What to work on:
In the entries below, every line that contains "concept" must be located and copied.

-- Records shown follows --

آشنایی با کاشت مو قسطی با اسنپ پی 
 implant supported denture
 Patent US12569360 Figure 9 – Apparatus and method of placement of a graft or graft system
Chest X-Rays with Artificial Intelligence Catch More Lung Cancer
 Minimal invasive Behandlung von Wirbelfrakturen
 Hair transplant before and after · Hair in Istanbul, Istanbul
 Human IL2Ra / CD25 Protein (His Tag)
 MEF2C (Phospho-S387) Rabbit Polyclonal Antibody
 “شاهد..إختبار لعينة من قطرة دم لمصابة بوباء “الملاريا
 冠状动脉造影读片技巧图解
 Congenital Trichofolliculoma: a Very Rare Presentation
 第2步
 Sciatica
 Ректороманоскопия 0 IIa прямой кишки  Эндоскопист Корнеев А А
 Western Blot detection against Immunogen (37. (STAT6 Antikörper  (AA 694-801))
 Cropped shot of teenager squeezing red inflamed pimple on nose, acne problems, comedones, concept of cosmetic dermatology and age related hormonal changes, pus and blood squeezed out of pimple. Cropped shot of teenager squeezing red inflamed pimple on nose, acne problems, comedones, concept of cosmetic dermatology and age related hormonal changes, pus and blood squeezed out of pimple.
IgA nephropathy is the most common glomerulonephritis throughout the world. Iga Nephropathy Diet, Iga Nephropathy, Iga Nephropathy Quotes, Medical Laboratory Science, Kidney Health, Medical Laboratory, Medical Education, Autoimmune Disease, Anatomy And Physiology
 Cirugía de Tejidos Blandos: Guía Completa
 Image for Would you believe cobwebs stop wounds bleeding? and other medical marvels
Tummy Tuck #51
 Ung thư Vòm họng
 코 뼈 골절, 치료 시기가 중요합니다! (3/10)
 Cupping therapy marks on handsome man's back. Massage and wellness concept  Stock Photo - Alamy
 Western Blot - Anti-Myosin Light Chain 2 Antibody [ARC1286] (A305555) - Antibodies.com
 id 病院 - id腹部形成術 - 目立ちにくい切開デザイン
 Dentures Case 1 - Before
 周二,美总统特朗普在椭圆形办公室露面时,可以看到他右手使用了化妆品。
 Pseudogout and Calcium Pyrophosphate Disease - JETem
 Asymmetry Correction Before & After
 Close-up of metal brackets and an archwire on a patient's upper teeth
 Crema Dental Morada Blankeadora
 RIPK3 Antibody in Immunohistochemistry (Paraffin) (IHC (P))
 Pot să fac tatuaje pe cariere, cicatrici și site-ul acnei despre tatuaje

-- Records shown concluded --

Answer box:
 Cropped shot of teenager squeezing red inflamed pimple on nose, acne problems, comedones, concept of cosmetic dermatology and age related hormonal changes, pus and blood squeezed out of pimple. Cropped shot of teenager squeezing red inflamed pimple on nose, acne problems, comedones, concept of cosmetic dermatology and age related hormonal changes, pus and blood squeezed out of pimple.
 Cupping therapy marks on handsome man's back. Massage and wellness concept  Stock Photo - Alamy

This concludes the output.